The police thought the timing was strange. At the start of the interrogations, Hemme was taking antipsychotic drugs that made his muscles twitch without his control. The letter said that she said her eyes were rolling back in her head.
Detectives said Hemme seemed “mentally confused” and didn’t seem to fully understand what they were asking.
“Every time the police got a statement from Ms. Hemme, it was very different from the last one, and it often included explanations of new facts that the police had just found out,” her lawyers wrote.
In the end, she said she saw a guy named Joseph Wabski kill Jeschke.
She met Wabski while they were both in the rehabilitation unit of the state hospital. Wabski was charged with capital murder. But the case was quickly dropped when it was found that he was in Topeka, Kansas, at the time at an alcohol rehab center.
Hemme cried when she found out he couldn’t be the killer. She said was the only killer.
Also, the cops began to look at a different suspect—one of their own.
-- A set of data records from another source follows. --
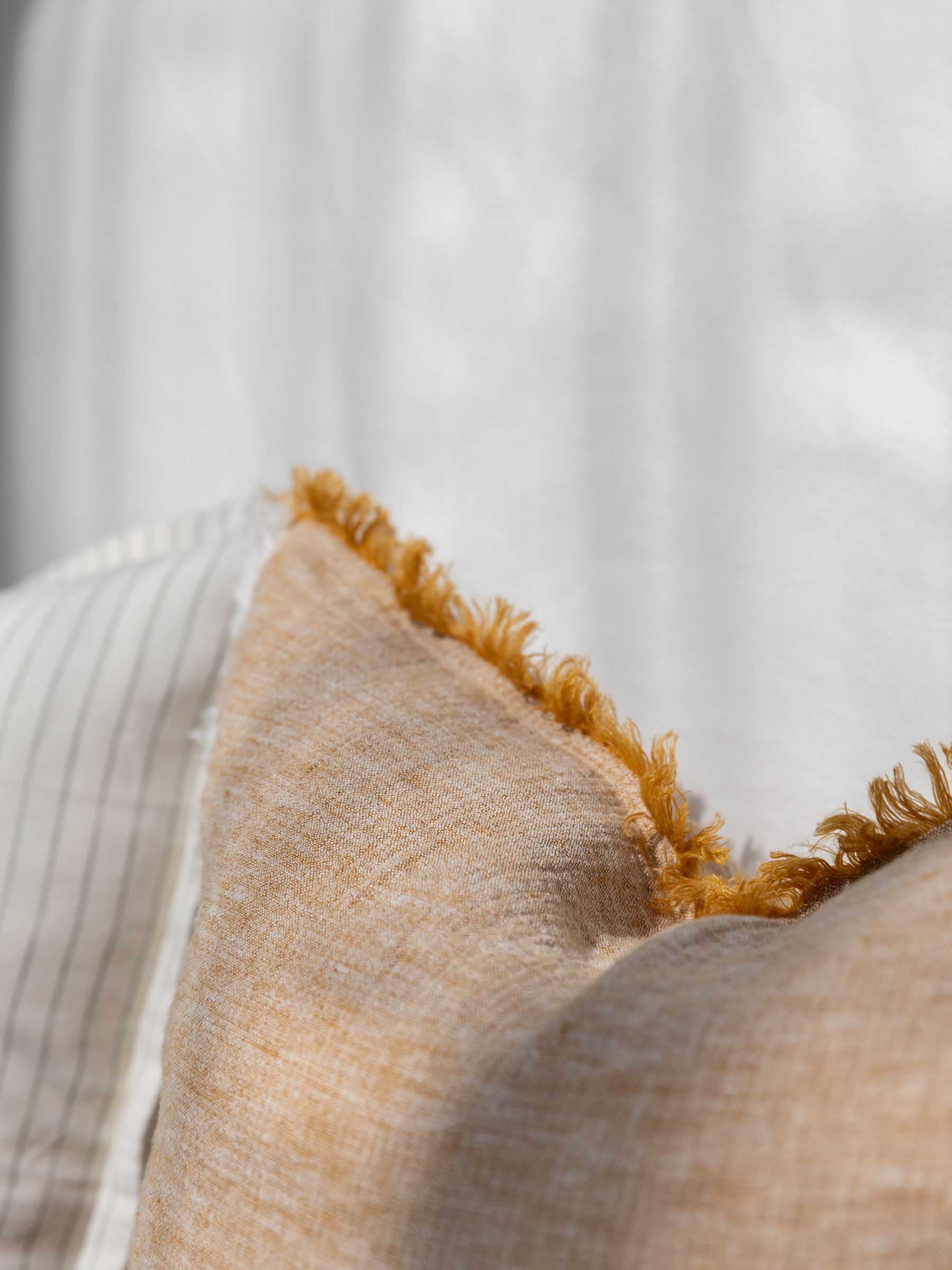 Oliver Fringed Heavy Linen Cushion Gold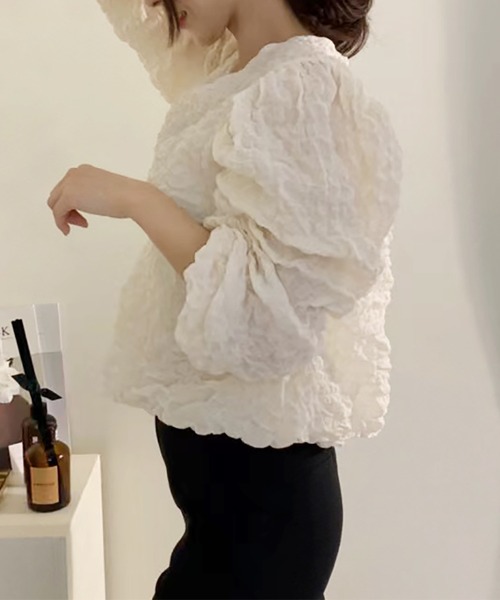 Girly Doll（ガーリードール）の「パフスリーブデザインブラウス（シャツ/ブラウス・レディース・ブラック/アイボリー・F）」の10枚目の写真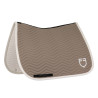 Sottosella da dressage con trapuntatura a onde Equestro - Ciottolato / bianco antico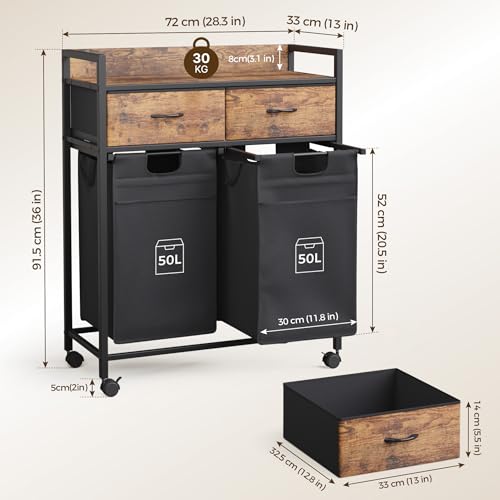 Mondeer Laundry Sorter with 2 Drawers, 100L with Pull-Out Removable Laundry Bags, Laundry Hamper Baskets with 2 Section and Wheels, Rustic Brown and Black - size: 2 Drawers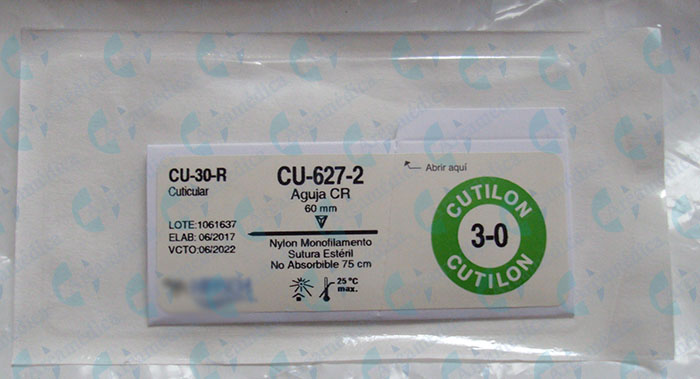 Sutura nylon 3-0 recta CU-627-2 cuticular aguja CR60mm hebra negra 75cm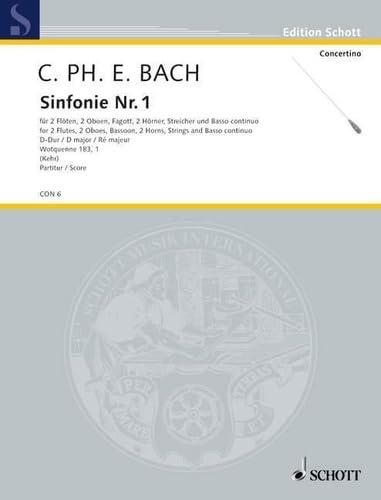 Imagen de archivo de Symphony No. 1: D major. Wq 183/1. 2 flutes, 2 oboes, bassoon, 2 horns, strings and basso continuo. Partition. a la venta por WorldofBooks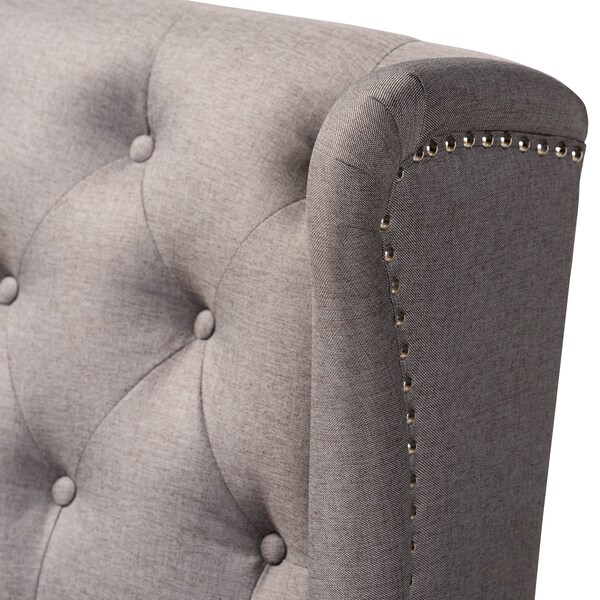 Baxton Studio Alira Grey Upholstered Walnut Wood Button Tufted Bar Stool Bench - 160-9948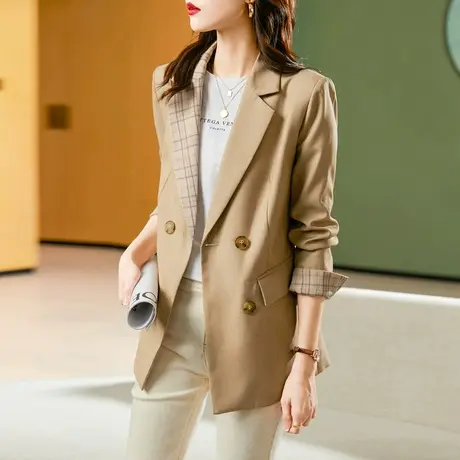 时尚格纹小西装外套女春秋季新款气质韩版短款宽松直筒上衣商品大图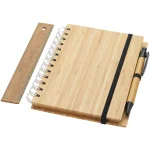 Franklin B6 bamboo notebook with pen and ruler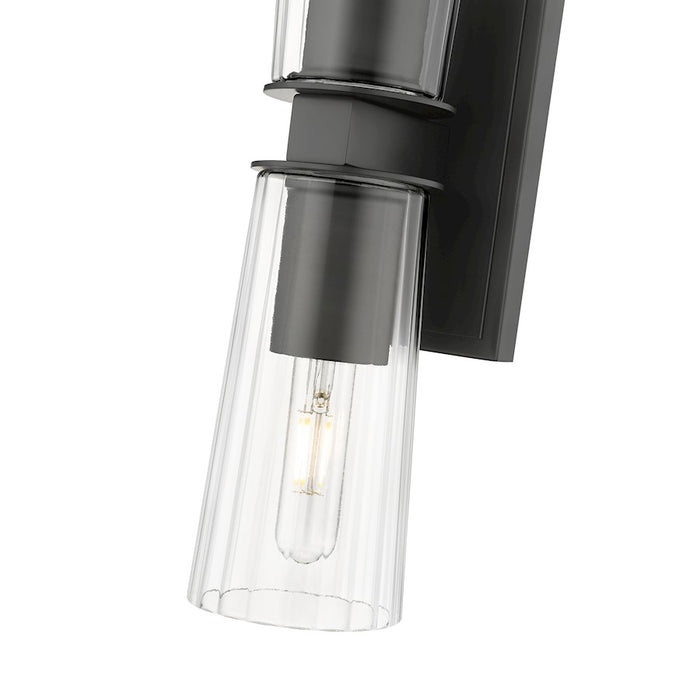 Z-Lite Titus 2 Light 4.5" Wall Sconce, Matte Black/Clear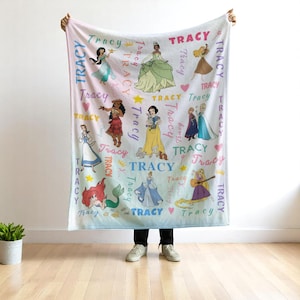 Custom Disney Princess Blanket – Personalized Watercolor Girl Baby Gift, Princess Birthday Throw, WDW Disneyland Bedding for Kids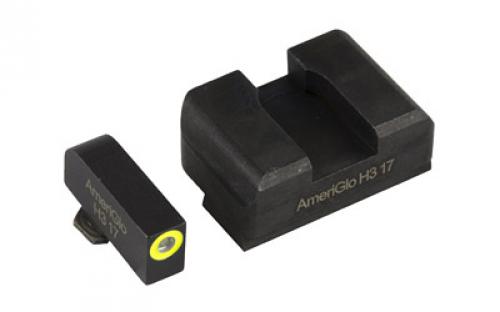 AmeriGlo Pro I-Dot 2 Dot Sights For Glock Gen 1-4 9mm/40S&W/380ACP and Gen 5 10mm/45ACP, Green/Green, Front and Rear Sights GL-301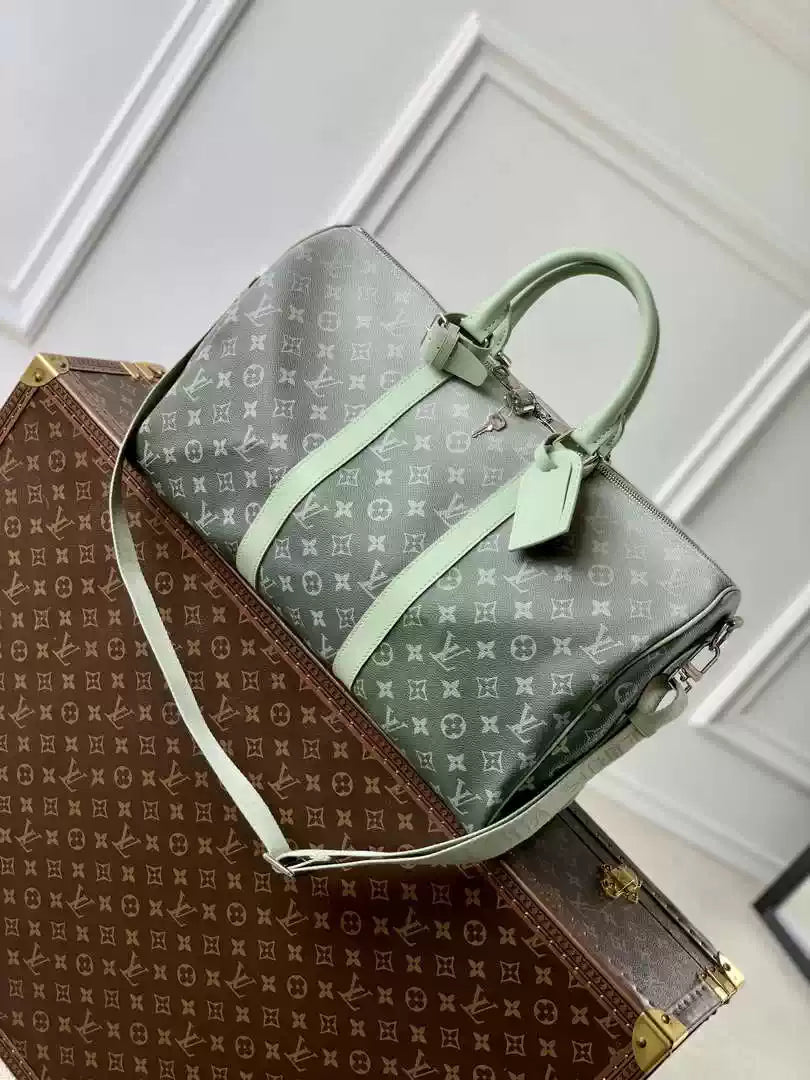 LV M11718 Louis Vuitton Keepall Bandouliere  45 Travel Bag Monogram Khaki Green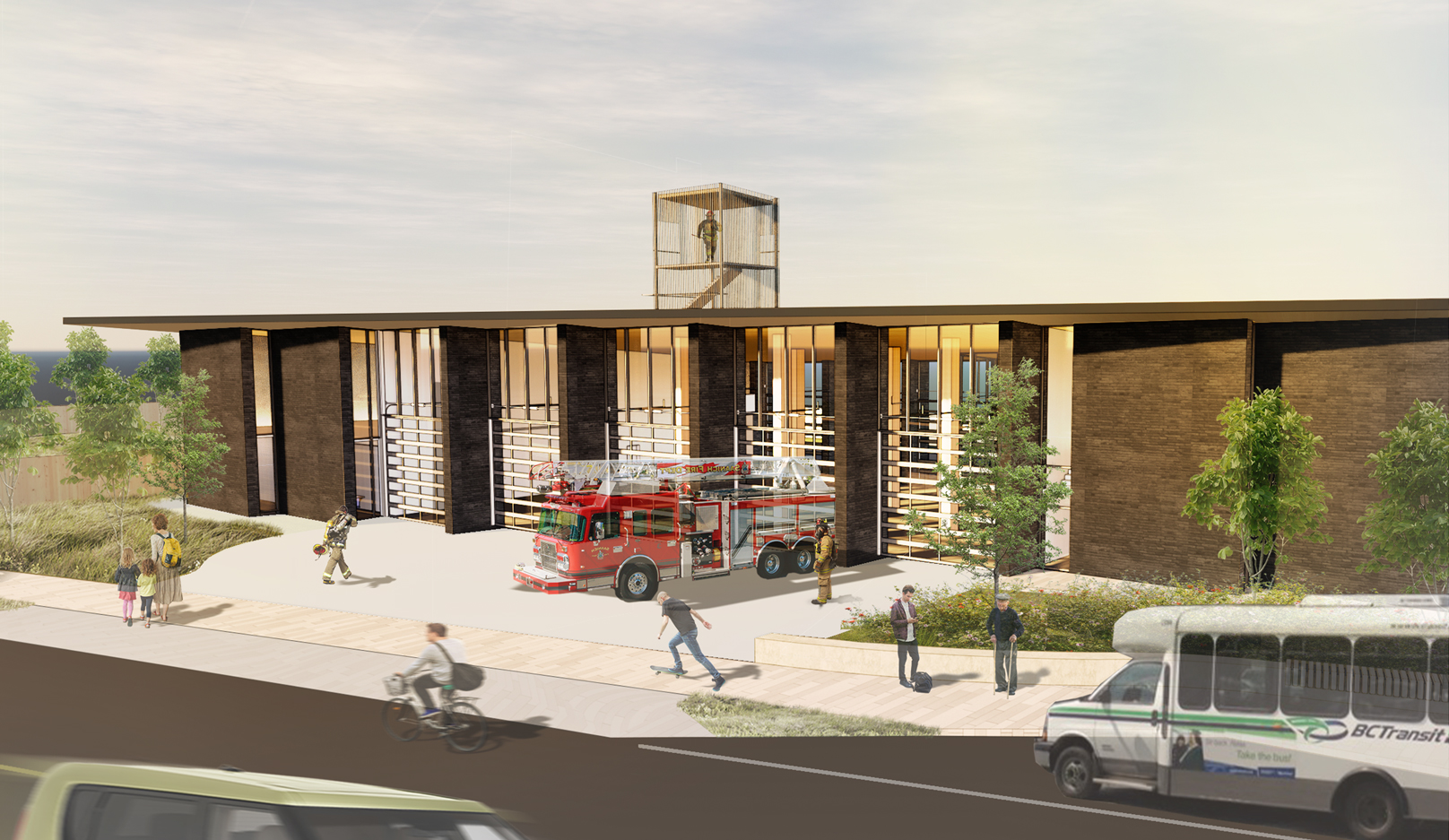A render of the Saanich Fire Station. It shows its flat roof with the fire staircase poking up from the top.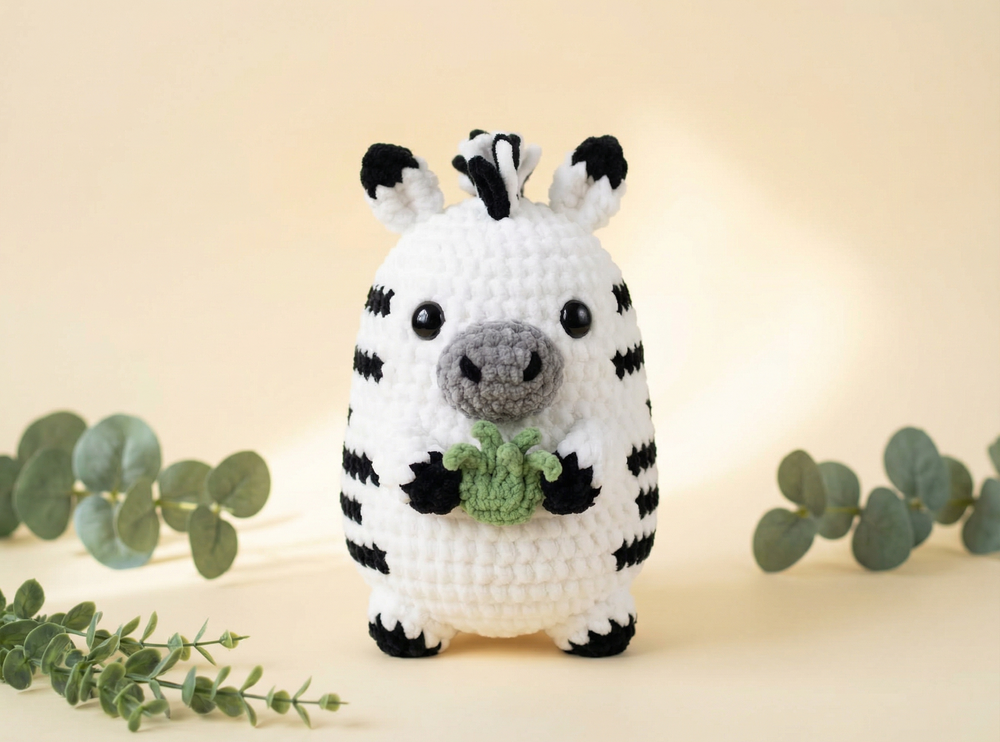 A crocheted zebra plush toy holding a small green leaf, standing against a warm beige background with decorative eucalyptus leaves on either side.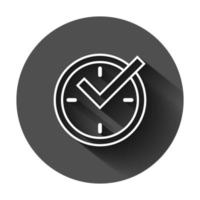 Real time icon in flat style. Clock vector illustration on black round background with long shadow. Watch business concept.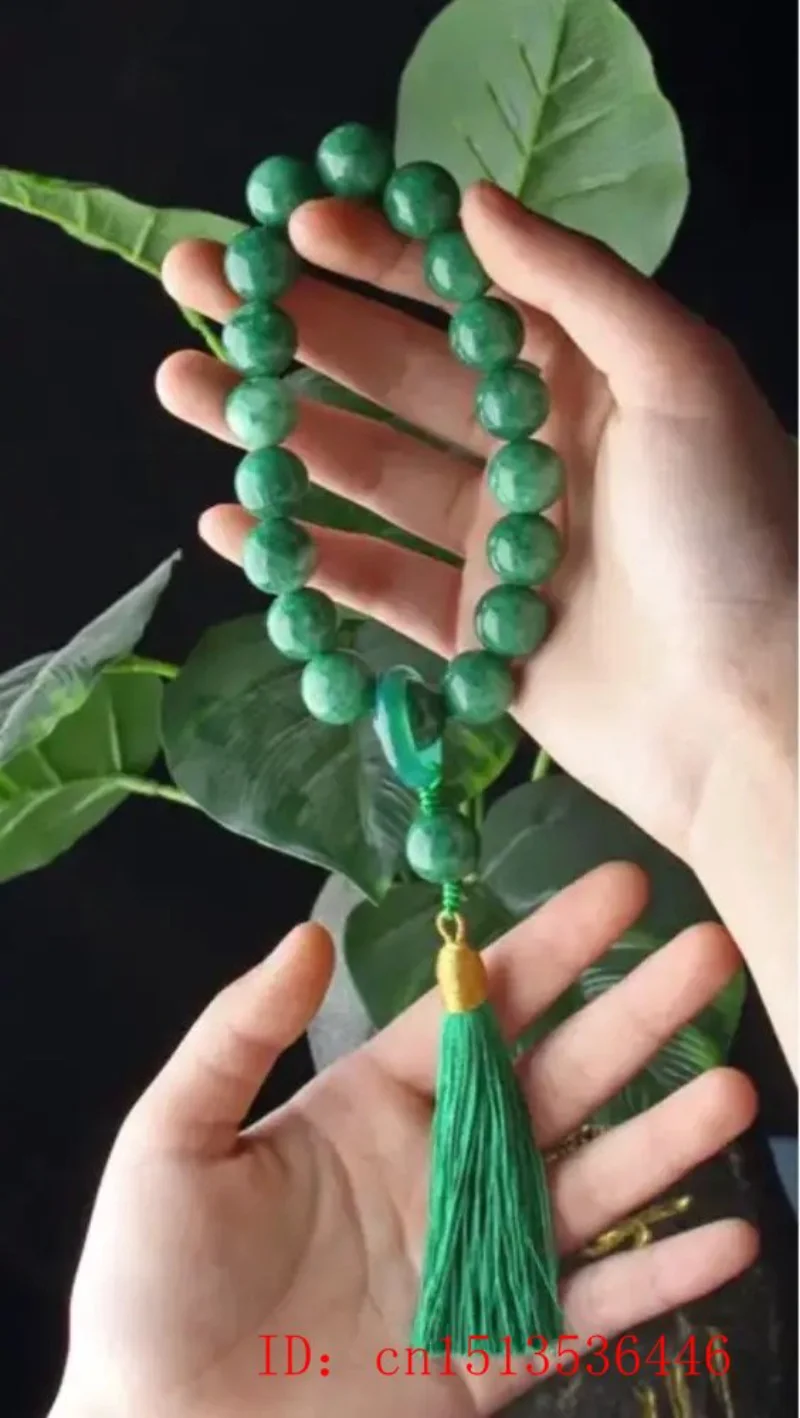 緑の翡翠石 12 ミリメートルビーズタッセルブレスレットネッ - Beading のレビューと価格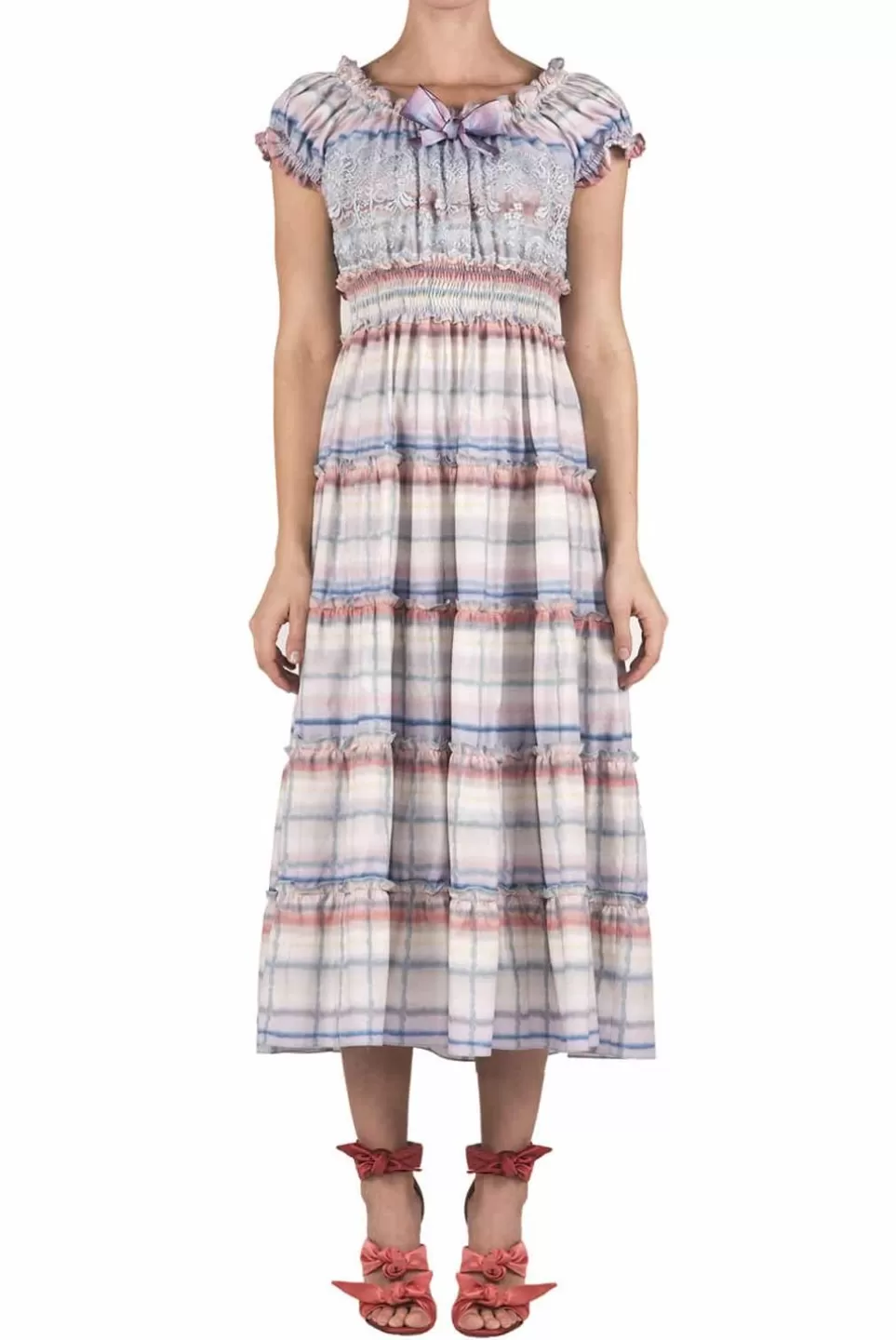 Dresses | Luisa Beccaria Cotton Color Melt Midi Dress With Lace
Holman was caught about a month after the murder for lying to his insurance company and getting money because his pickup truck had been stolen. The same truck was seen near the crime scene, and the officer’s story that he stayed the night with a woman at a nearby hotel couldn’t be proven.
Also, on the day her body was found, he tried to use Jeschke’s credit card at a camera shop in Kansas City, Missouri. Holman said he found the card in a bag that had been thrown away in a ditch. He was fired and died in 2015.
Police searched Holman’s house and found horseshoe-shaped gold earrings in a room. They also found jewelry that had been stolen from another woman earlier that year.
Jeschke’s dad said he knew those earrings because they were the ones he got for his daughter. But then the four-day investigation into Holman finished quickly, and many of the details that were found were not given to Hemme’s lawyers.
Hemme, meanwhile, was getting more and more desperate. On Christmas Day 1980, she wrote to her parents, “They want to put someone in jail so they can say the case is solved, even though I’m innocent.” She said she might as well say she was guilty.
She told him, “Just end it.” “I’m worn out.”
That’s what she did the next spring when she agreed to plead guilty to murder with the intent to kill in return for not being put to death.
Even that was hard; the judge turned down her guilty plea at first because she couldn’t give enough information about what happened. She said, “I didn’t know I had done it until like three days later, you know when it came out in the paper and on the news.”
Her lawyer told her that the only way she could avoid being put to death was to plead yes to the charge. She gave more information after a break and some teaching.
In the end, that plea was thrown out after an appeal. But she was found guilty again in 1985 after a one-day trial where the jury wasn’t told about the interrogations that her present lawyers call “grotesquely coercive.”
In the petition, Larry Harman, who later became a judge and helped Hemme get her first guilty plea thrown out, said that he thought she was innocent.
“Every chance she had, the system failed her,” he said.